-- Task --
For the entries below, the result should be an exact transcription of the lines from the one with "Monterey Club Sandwich" up to and including the one with "Eujgoov 12Pcs AC30-102", and only those.

-- The records --
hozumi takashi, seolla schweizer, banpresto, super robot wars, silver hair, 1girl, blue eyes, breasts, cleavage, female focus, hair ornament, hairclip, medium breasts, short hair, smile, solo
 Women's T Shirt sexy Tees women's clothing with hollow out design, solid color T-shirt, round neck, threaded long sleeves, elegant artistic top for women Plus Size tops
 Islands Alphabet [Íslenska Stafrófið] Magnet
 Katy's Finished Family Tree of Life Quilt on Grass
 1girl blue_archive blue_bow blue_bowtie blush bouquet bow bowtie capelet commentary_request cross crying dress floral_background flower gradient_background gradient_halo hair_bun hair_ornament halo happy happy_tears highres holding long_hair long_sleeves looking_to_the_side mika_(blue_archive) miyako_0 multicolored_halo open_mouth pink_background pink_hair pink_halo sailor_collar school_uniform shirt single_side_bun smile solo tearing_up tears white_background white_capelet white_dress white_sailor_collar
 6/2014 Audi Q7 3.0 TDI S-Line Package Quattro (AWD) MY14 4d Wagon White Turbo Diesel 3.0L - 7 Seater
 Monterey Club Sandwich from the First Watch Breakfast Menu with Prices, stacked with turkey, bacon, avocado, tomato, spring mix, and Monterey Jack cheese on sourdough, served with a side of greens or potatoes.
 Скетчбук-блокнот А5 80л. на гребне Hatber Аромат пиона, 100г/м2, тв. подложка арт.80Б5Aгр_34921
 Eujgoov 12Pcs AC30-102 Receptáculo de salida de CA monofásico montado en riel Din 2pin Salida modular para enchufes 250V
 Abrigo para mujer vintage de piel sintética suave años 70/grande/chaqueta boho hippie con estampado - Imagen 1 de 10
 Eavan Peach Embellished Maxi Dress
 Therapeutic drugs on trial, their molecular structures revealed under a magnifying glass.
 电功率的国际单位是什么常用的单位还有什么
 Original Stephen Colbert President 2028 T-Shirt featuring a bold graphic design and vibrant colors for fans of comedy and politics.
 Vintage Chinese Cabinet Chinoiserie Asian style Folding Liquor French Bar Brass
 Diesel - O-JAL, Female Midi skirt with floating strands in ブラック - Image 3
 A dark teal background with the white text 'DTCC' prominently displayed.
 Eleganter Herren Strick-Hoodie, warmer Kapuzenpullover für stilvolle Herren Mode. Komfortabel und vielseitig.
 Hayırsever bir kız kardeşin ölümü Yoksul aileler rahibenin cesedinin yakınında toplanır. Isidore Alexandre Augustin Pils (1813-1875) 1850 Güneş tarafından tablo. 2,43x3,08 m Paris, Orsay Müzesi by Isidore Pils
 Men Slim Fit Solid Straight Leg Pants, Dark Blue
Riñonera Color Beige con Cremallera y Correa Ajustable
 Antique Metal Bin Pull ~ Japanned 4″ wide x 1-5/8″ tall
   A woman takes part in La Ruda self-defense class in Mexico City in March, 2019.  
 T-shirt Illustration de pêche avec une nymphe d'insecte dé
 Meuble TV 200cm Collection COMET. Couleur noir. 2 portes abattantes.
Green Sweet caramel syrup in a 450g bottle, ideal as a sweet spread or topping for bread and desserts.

-- Expected answer --
 Monterey Club Sandwich from the First Watch Breakfast Menu with Prices, stacked with turkey, bacon, avocado, tomato, spring mix, and Monterey Jack cheese on sourdough, served with a side of greens or potatoes.
 Скетчбук-блокнот А5 80л. на гребне Hatber Аромат пиона, 100г/м2, тв. подложка арт.80Б5Aгр_34921
 Eujgoov 12Pcs AC30-102 Receptáculo de salida de CA monofásico montado en riel Din 2pin Salida modular para enchufes 250V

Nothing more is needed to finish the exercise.